Остальные высокие прожекты — пока в этом же роде, а тем временем донцы-молодцы нас стригут, бреют и кровь отворяют <…>
Наша общественная жизнь Вам известна: все та же мертвечина. Единственное утешение — библиотека, хотя она также мало пользуется вниманием публики, тем не менее, приятно чувствовать, что она превращается в нечто очень приличное».
3091. А. Ф. МАРКСУ
27 апреля 1900 г.
Печатается по автографу (ИРЛИ). Впервые опубликовано: Новые письма, стр. 113–115.

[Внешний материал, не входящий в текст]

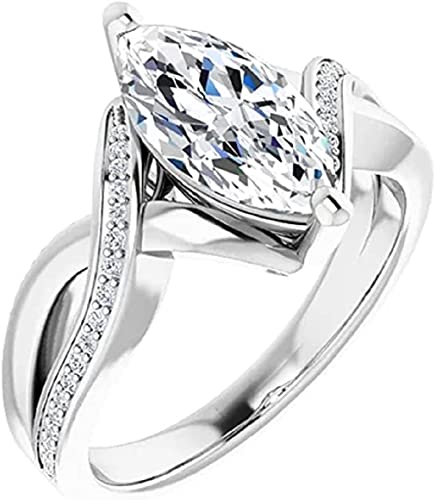 Moissanite World Antique Handmade Marquise Cut 2.00CT Moissanite Engagement Ring/Moissanite Wedding Ring/Moissanite Bridal Ring Set 925 Sterling Silver (8)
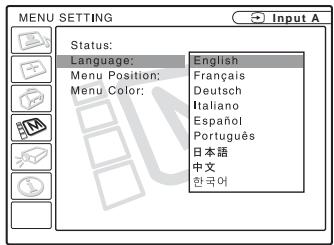 SONY VPL-CS5 - Sélection de la langue de menu - 4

Ответ на письма А. Ф. Маркса от 15 и 21 апреля 1900 г.; Маркс ответил 2 мая (ГБЛ).
Корректуру я читаю… — В письме от 15 апреля Маркс сообщал Чехову: «Сегодня Вам выслана последняя корректура всего второго тома. Будьте любезны ее возвратить подписанной к печати возможно скорее, после чего типография не замедлит набрать остальную часть 3-го тома и вышлет Вам весь этот том». Предыдущую корректуру второго тома собрания сочинений Чехов переслал в Петербург с В. А. Поссе, который сообщал Чехову 3 апреля 1900 г.: «Был у Маркса. Сам Адольф Федорович принять меня не соблаговолил, заставив прождать около получаса, а поручил переговорить со мной г. Гренбергу (или что-то в этом роде). Я передал этому господину Ваши корректуры и Ваши желания. „Гренберг“ <т. е. Ю. О. Грюнберг> обещал приостановить восхваляющие Вас рекламы, относительно же выпуска Ваших произведений под общим названием „Рассказы“ ответил очень уклончиво: у нас, мол, по этому поводу была уже большая переписка. Он, вероятно, напишет Вам по этому поводу» (ГБЛ).

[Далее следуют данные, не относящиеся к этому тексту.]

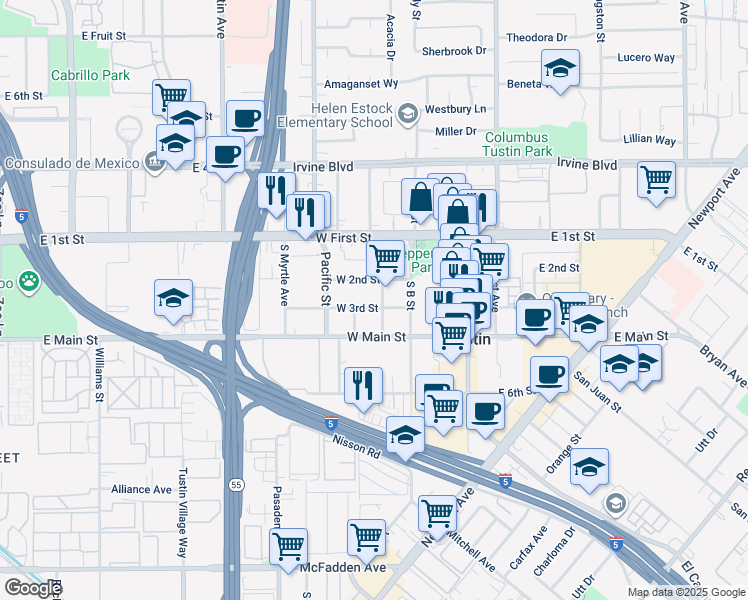 map of restaurants, bars, coffee shops, grocery stores, and more near 430 West 2nd Street in Tustin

…передал ему Ваше приглашение работать в «Ниве»… — В письме от 21 апреля Маркс обратился к Чехову со следующей просьбой: «Мне было бы весьма желательно приобрести для моего журнала сотрудничество М. <ошибка в подлиннике> М. Пешкова (М. Горького). Об этом Р. И. Сементковский, редактор „Нивы“, писал г. Пешкову, но не будете ли Вы любезны оказать нам некоторое содействие? М. М. Пешков находится теперь в Ялте, Вы с ним, насколко мне известно, состоите в дружеских отношениях, и я был бы Вам очень благодарен, если бы при личном с ним свидании Вы замолвили несколько слов в пользу удовлетворения просьбы Р. И. Сементковского и моей.
Полагаю, что огромная аудитория, которую „Нива“ доставляет писателю, может и должна служить для него достаточно веским мотивом для помещения своих произведений в этом журнале, который к тому же в рядах своих подписчиков имеет, можно сказать без преувеличения, весь наш средний интеллигентный круг читателей».

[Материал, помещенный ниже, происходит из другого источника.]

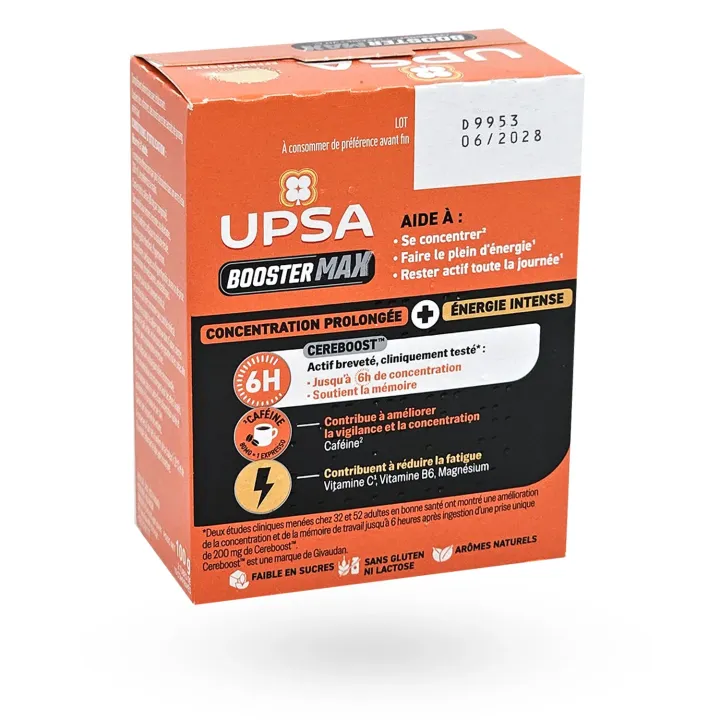 UPSA Booster MAX Cereboost 20 comprimés effervescents boite face arrière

…пообещал выслать Вам рассказ… — М. Горький не печатался в «Ниве».
…прошу освободить мои рассказы от таких названий… — Чехов не раз просил Маркса озаглавить отдельные тома своего собрания сочинений одним названием — «Рассказы» (см. примечания к письмам в т. 8 Писем). Однако в письме к Ю. О. Грюнбергу от 1 ноября 1899 г. Чехов сам предложил для второго тома собрания сочинений название «Были и небылицы» (см. т. 8 Писем). По поводу этого названия Маркс писал Чехову 2 мая: «Мне очень досадно возникшее недоразумение по поводу названия „Были и сказки“. Вы, вероятно, припомните, что единственное, что мне казалось желательным, это чем-либо отличать один том от другого, но я вовсе не имел в виду настаивать на сохранении названия „Были и сказки“, которое, напротив, и мне казалось не совсем подходящим, и я Вам не писал об этом потому, что не хотел Вас вновь беспокоить по этому вопросу. Теперь, согласно Вашему желанию, я распорядился, чтобы для всех томов было сохранено общее название „Рассказы“, „Повести и рассказы“ и „Повести“».